▶ _Excerpted data_:

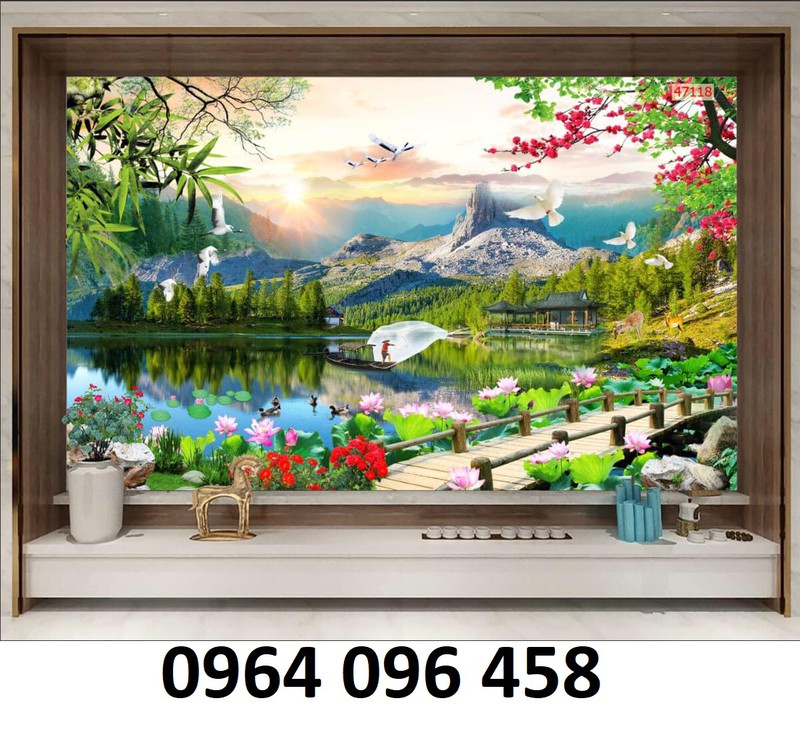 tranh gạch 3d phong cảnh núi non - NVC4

* * *

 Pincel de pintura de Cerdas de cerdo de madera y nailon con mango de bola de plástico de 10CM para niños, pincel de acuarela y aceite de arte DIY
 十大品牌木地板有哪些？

---

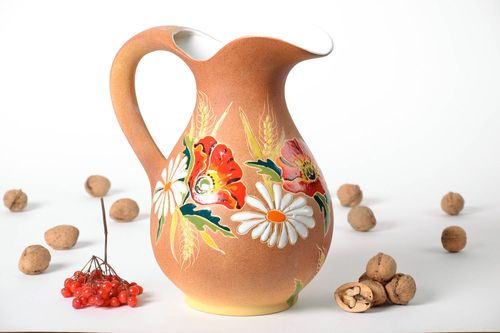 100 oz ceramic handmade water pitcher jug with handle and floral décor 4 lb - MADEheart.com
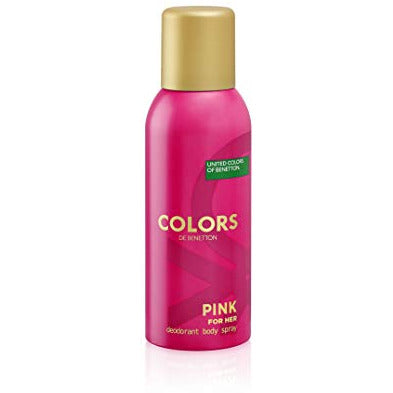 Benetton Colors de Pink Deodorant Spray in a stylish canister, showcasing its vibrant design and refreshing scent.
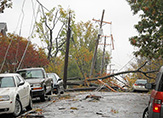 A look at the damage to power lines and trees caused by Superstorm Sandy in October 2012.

▶ _Problem statement_:
Would you print exactly and only the lines of the material above that run from the line with "Pincel de pintura" through the line with "十大品牌木地板有哪些？", both included?

▶ _Exercise answer_:
 Pincel de pintura de Cerdas de cerdo de madera y nailon con mango de bola de plástico de 10CM para niños, pincel de acuarela y aceite de arte DIY
 十大品牌木地板有哪些？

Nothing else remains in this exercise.